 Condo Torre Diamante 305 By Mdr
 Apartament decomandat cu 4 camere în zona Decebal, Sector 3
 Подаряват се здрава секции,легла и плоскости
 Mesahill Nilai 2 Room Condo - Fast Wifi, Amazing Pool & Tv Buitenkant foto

--

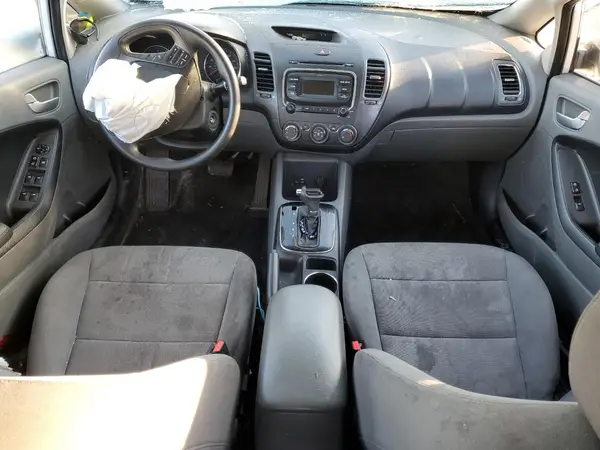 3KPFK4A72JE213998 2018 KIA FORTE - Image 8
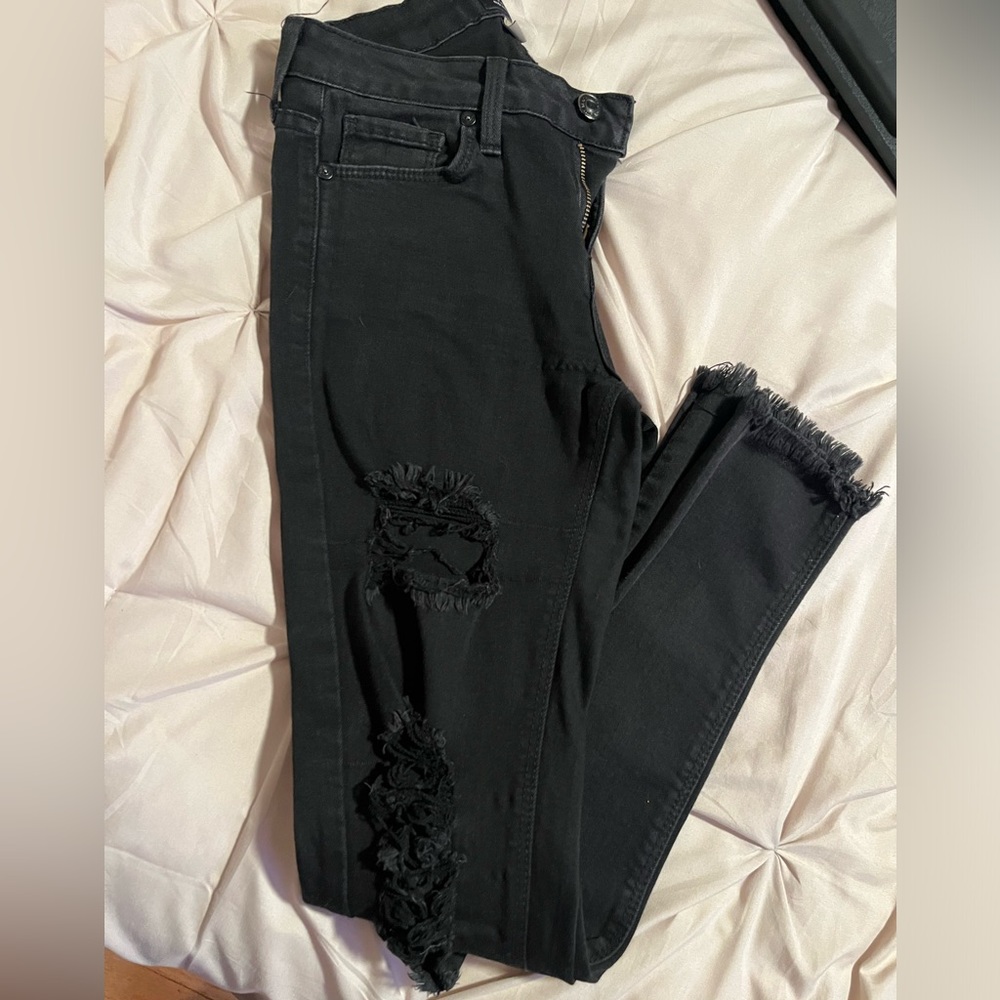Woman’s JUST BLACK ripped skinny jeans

...

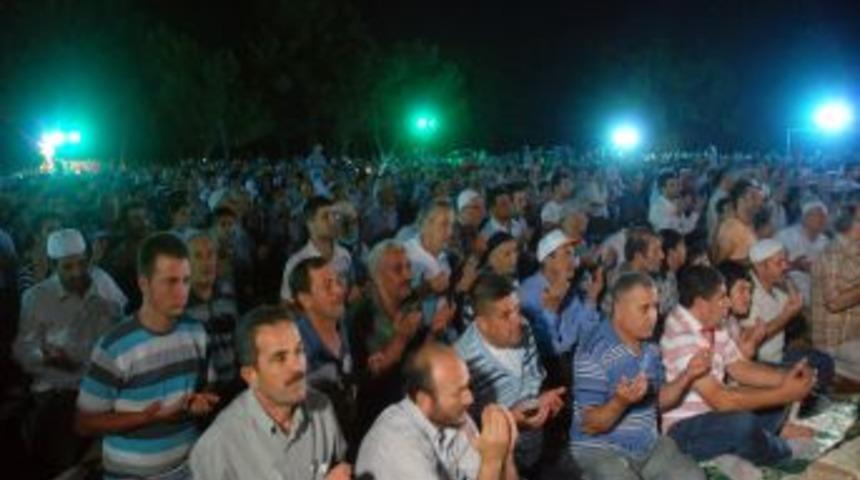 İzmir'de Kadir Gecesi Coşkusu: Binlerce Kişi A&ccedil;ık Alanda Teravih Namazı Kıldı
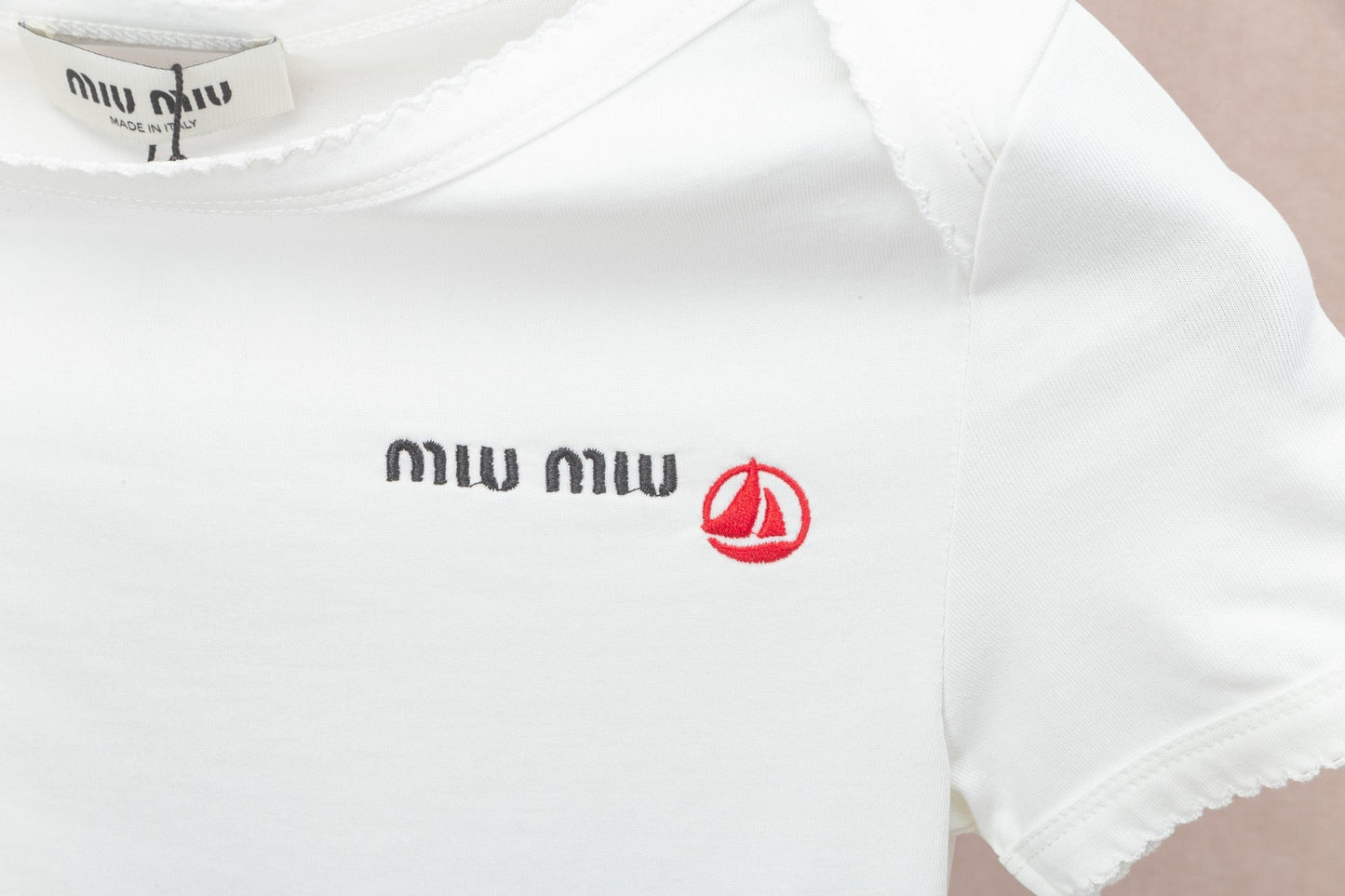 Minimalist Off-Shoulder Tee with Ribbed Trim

» What to do
Copy out, exactly and alone, the lines of the entries above between the ones holding "Apartament decomandat cu" and "Mesahill Nilai 2", inclusive.

» Answer to the exercise
 Apartament decomandat cu 4 camere în zona Decebal, Sector 3
 Подаряват се здрава секции,легла и плоскости
 Mesahill Nilai 2 Room Condo - Fast Wifi, Amazing Pool & Tv Buitenkant foto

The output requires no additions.